Approx. 15 minutes per scan

Size

Varies per scan

Scanned

Residential & commercial properties

Industry

Real Estate

Real Estate in the Netherlands

Real Estate is a fast-moving and highly competitive market. Companies are reliant on good customer relationships based on trust. They realise the importance of providing accurate measurements and specifications of the properties they are advertising. Buildings incorrectly measured could be under or overvalued, which could result in complaints, invalidate a sale, or damage their reputation.

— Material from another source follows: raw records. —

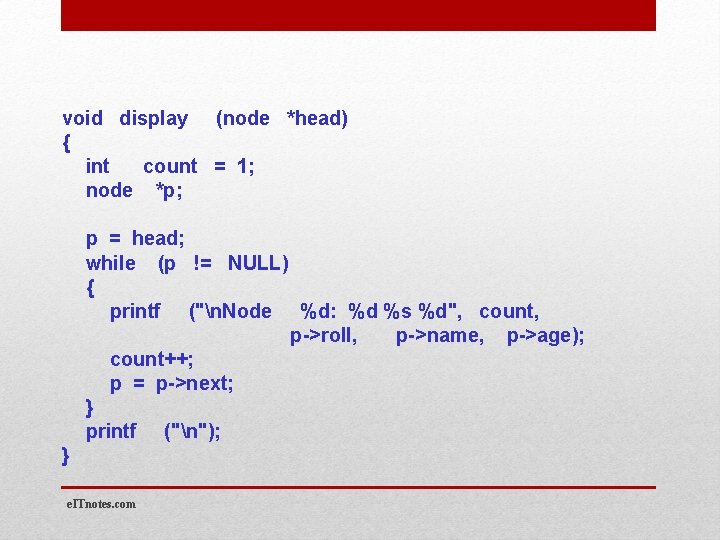 void display (node *head) { int count = 1; node *p; p = head;
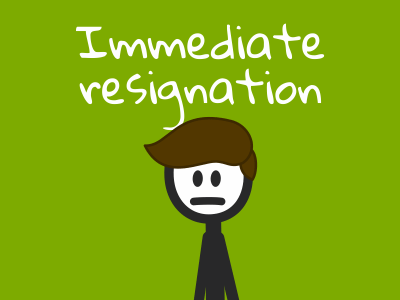 Immediate resignation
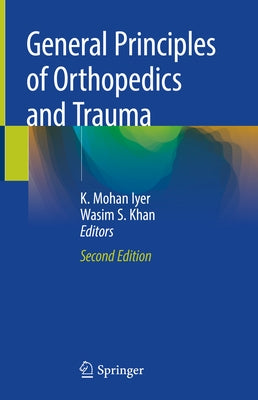 General Principles of Orthopedics and Trauma by Iyer, K. Mohan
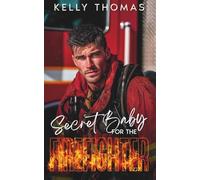 Secret Baby for the Firefighter: A Grumpy Enemies-to-Lovers Workplace Romance (Firefighters of Seaside Beach - A Small Town Romance Series)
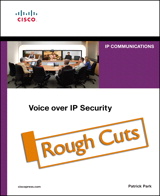 Voice over IP Security, Rough Cuts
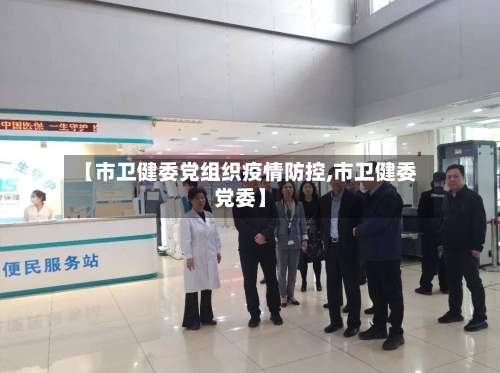 【市卫健委党组织疫情防控,市卫健委党委】-第3张图片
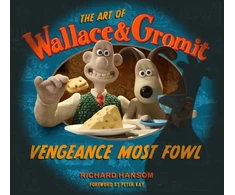 KNYGA Richard Hansom Art of Wallace &amp; Gromit: Vengeance Most Fowl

This is particularly pertinent in the Netherlands, as they have placed a high level of importance on delivering accurate floorplans when advertising a property. In fact, a new regulation was introduced in 2010 after properties in Amsterdam were sold at a higher cost, after being overvalued due to incorrect floorplan measurements. The regulation, BBMI, requires businesses advertising properties to provide accurate floorplans or face potentially heavy fines.

This required businesses to think differently about how they could quickly and accurately assess the properties they were advertising.

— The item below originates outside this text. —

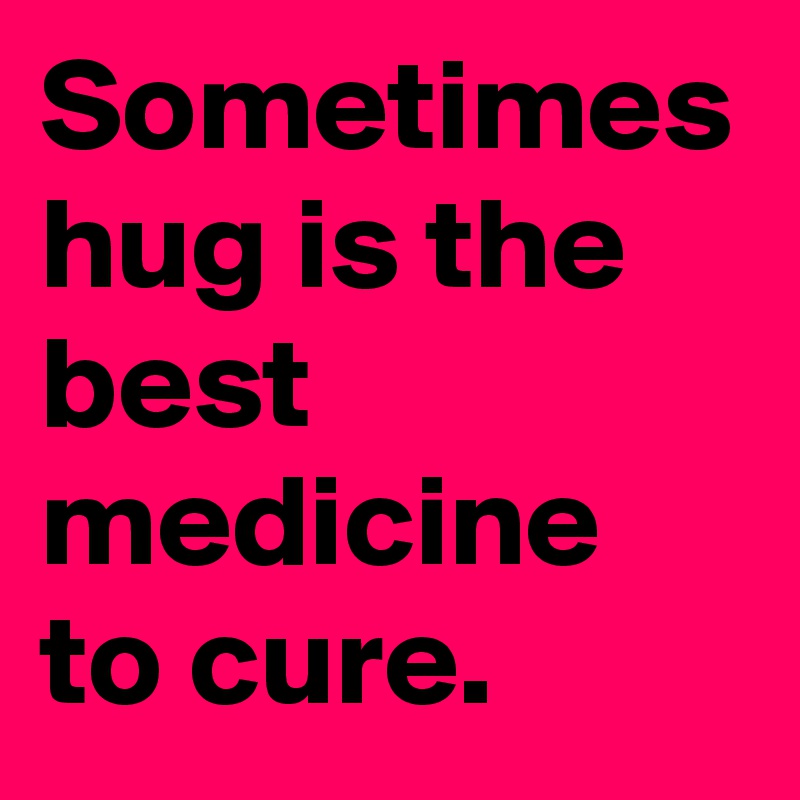 Sometimes hug is the best medicine to cure.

How ZIEN24 create Measurement Reports for Real Estate

Rotterdam based media and marketing company, ZIEN24, realised they needed to modernise how they measure properties in light of the regulations. ZIEN24 produces content and digital floorplans for estate agents, covering all types of residential and commercial properties.

The company began measuring properties using laser rangefinders, which were not only time-consuming but also not cost-effective. The company received complaints when properties were not measured within the limits of the regulation, and the team had to occasionally return to properties to re-measure them. In addition, ZIEN24 was sending both photographers and surveyors to properties, which was not cost-effective or ideal for their clients.

Having worked with point clouds previously, ZIEN24s co-owner, Boy Van Houten, thought that they could be the solution for accuracy. However, they needed a setup that was quick and effective, so static-based systems were not an option. After researching different scanner options, they decided to try GeoSLAM’s ZEB Revo RT with the ZEB Pano accessory.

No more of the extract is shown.